Chapitre 28

Notes de l’auteur : Bonjour à tous !

Les plus avisés d'entre vous constateront que le titre a été agrémenté d'un "Le Feu du Renouveau". Il s'agit du titre de la duologie.

"Flammes en Sommeil" correspond au tome 1 (qui contient 57 chapitres) et "Héritage en Eveil" sera le tome 2 (en cours d'écriture).

Certains avaient lu les chapitres 28 à 39. Ils ont été supprimés pour pouvoir être corrigés et pour pouvoir sortir en même temps que les illustrations.

Bonne lecture !

— A-Xi…

     Le Cultivateur battit rapidement des paupières pour chasser les larmes qui menaçaient de couler sur son visage, tout en ayant conscience qu’il ne les ferait pas disparaitre par magie. La main chaude de Zhen YuJin se posa sur sa joue et il se laissa aller contre sa paume. Du coin de l’œil, il observa le Jian Lin et Chan YinMai en train de s’éloigner.

     — Ils vont informer Maître YiShi. Le Capitaine nous a suggéré d’attendre demain pour la dernière salle. On a quartier libre d’ici là, le prévint le Musivateur qui avait suivi son regard.

     Zhang JingXi acquiesça, puis appuya l’arrière de sa tête contre le mur en murmurant d’une voix légèrement enrouée :

     — Désolé d’être parti ainsi. Ce n’était pas très correct de ma part.

     Bien que soucieux, le Maître du Feu lui adressa un sourire rassurant :

     — Je ne crois pas que quiconque t’en veuille.

     Il hésita un instant, ne sachant pas réellement quels mots il pouvait employer pour réconforter son amant. Il n’était pas sûr de savoir pourquoi ce dernier se montrait à ce point chamboulé. Certes, ces meurtres étaient atroces et horribles, mais son bien-aimé paraissait particulièrement impacté alors qu’il ne semblait pas spécialement connaître l’une des victimes.
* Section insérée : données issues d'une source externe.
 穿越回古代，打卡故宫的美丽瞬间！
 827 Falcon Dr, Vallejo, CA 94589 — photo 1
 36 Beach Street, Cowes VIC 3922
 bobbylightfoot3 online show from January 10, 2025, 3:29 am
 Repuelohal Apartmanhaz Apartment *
Avec précaution, usant de gestes aussi tendres que possible, Zhen YuJin saisit l’une de ses mains entre la sienne, de l’autre il replaça délicatement une mèche de ses cheveux, avant de s’attarder sur sa joue :

     — Parle-moi, A-Xi. Je ne te reproche rien, je suis simplement inquiet. Jusqu’ici, tu semblais tenir le coup sans difficulté, pourquoi aujourd’hui tu parais si tourmenté ? C’est la première fois que je te vois dans cet état et je dois t’avouer que ça me surprend.

     À son grand étonnement, sa phrase fit rire son amant. Un rire qui n’était pas joyeux, mais plutôt amer et profondément triste. Néanmoins, le Cultivateur attrapa ses deux mains dans les siennes, avant de le dévisager, ses yeux verts toujours humides :

     — La première fois, tu dis… A-Jin, tu ne me connais que depuis quelques jours en réalité, que sais-tu de ce qui est normal ou non dans mon attitude ?
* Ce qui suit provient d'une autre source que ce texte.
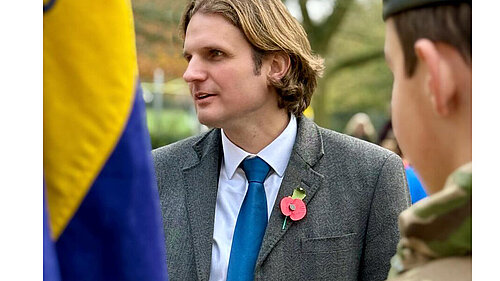 Steff Aquarone MP at Remembrance Day parade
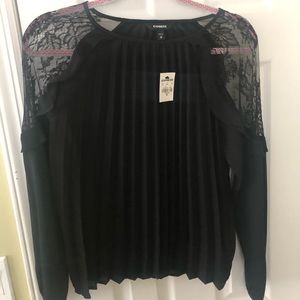 Express shirt size xs NWT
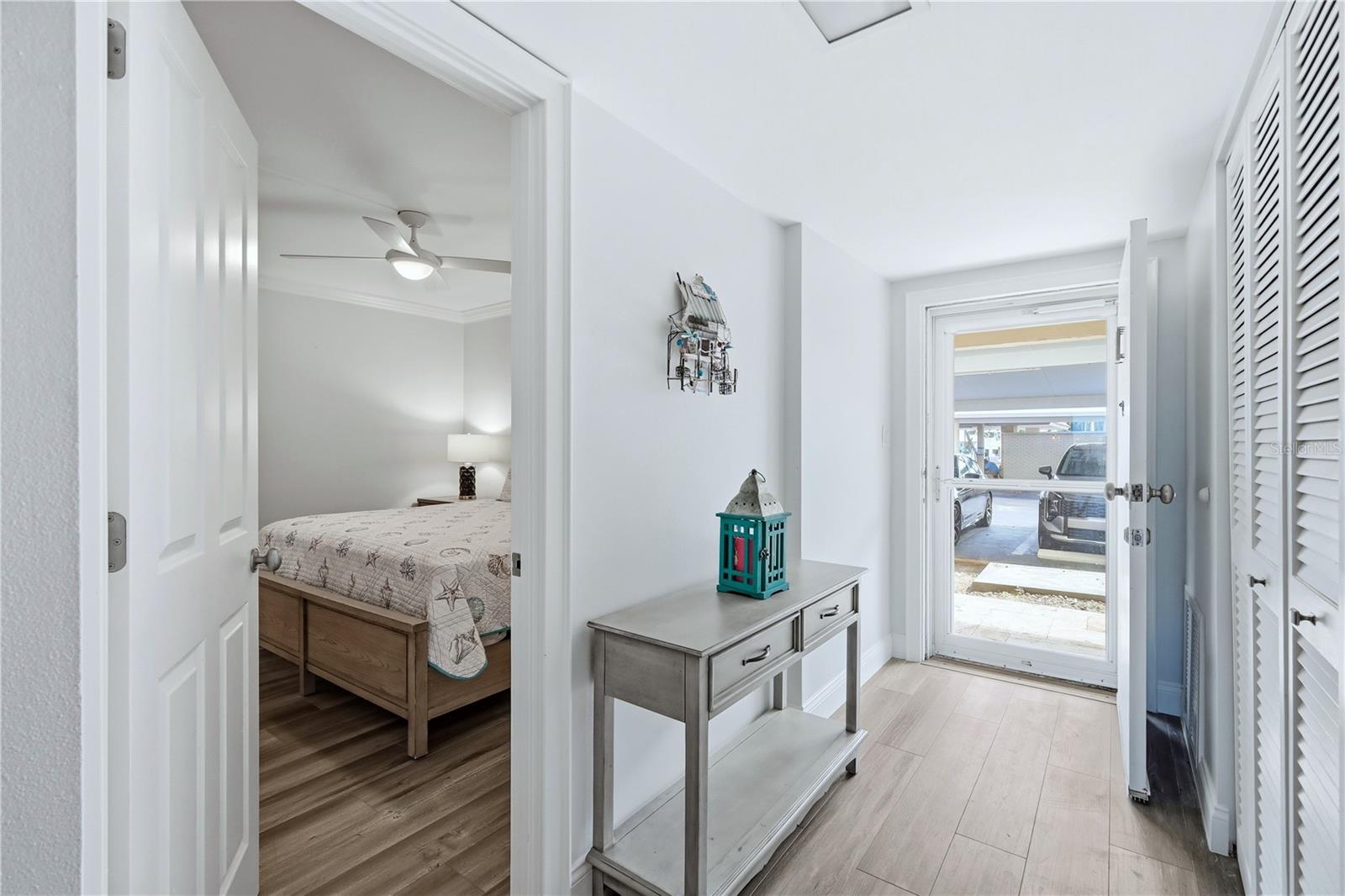 1150 TARPON CENTER DRIVE 1G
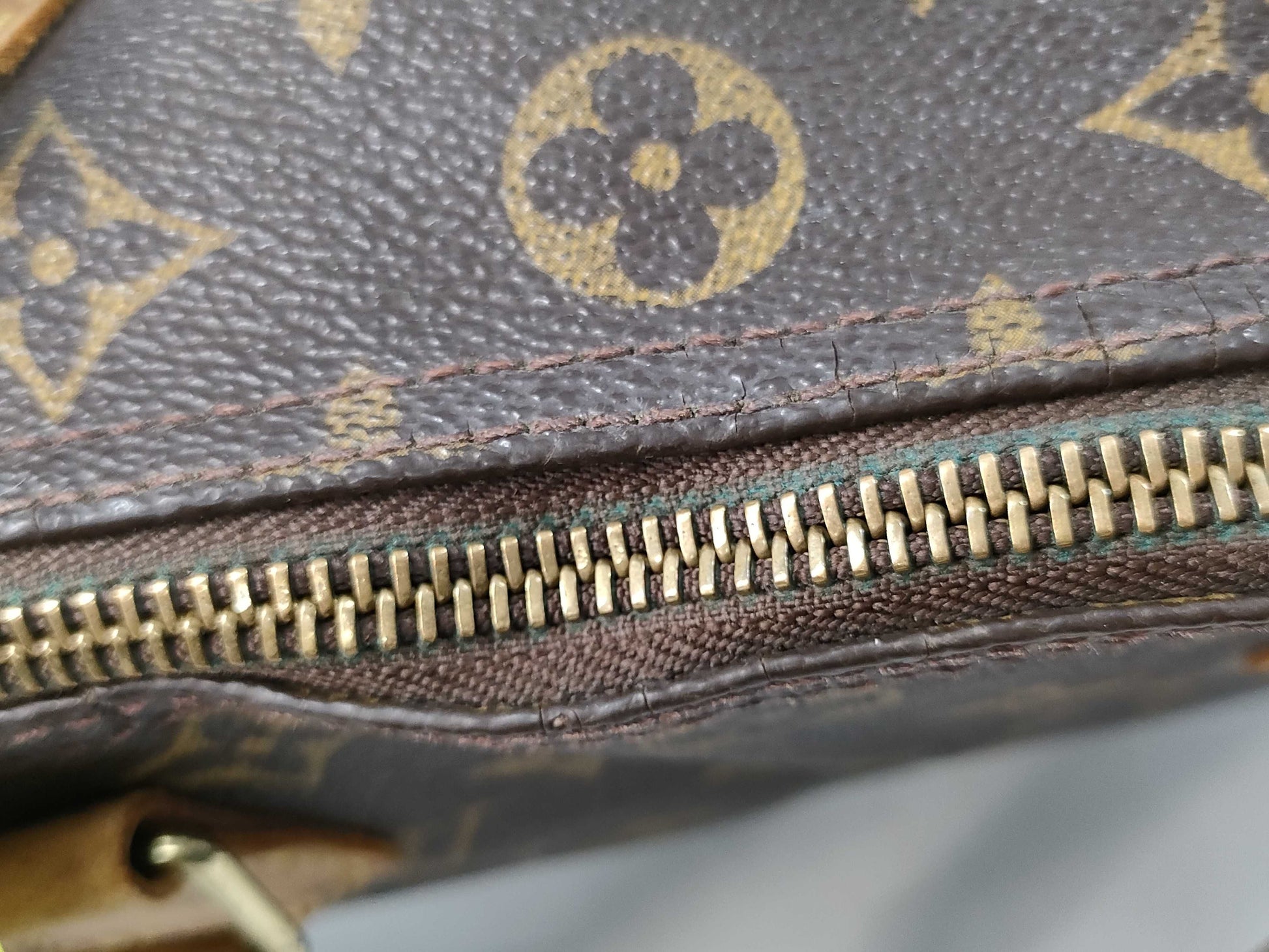 LOUIS VUITTON Monogram M41108 Speedy 30 Boston Bag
     Le Maître du Feu l’observa en retour, puis resserra l’étreinte de ses doigts autour des siens :

     — J’en sais suffisamment. Je sais que tu t’évertues à faire le bien autour de toi, que tu aides tout le monde. Tu interviens partout où tu peux dans la région et lorsque tu vois Lu Lei une fois par an, vous vous échangez les nouvelles. Ensuite, elle nous parle de toi régulièrement en nous vantant tes interventions pour qu’on prenne exemple sur toi.

     L’ombre d’un sourire amusé parut brièvement sur les lèvres du Cultivateur, mais ne dura que quelques instants.

     — Je sais également que tu portes des blessures en toi et tu m’as fait suffisamment confiance pour que je t’aide à réparer ton feu. Je sais que tu as de la volonté et de la force, que nos leçons t’ont déjà aidé à aller mieux. Je n’ai pas besoin de te connaître depuis des années pour cerner ce qui est essentiel. Tu es quelqu’un de bien. Le simple fait de te voir dans cet état me prouve que tu as un cœur et que tu penses aux autres. Je sais aussi que je peux te faire aveuglément confiance, Chan YinMai n’a pas cessé de me le répéter, ajouta-t-il à mi-voix.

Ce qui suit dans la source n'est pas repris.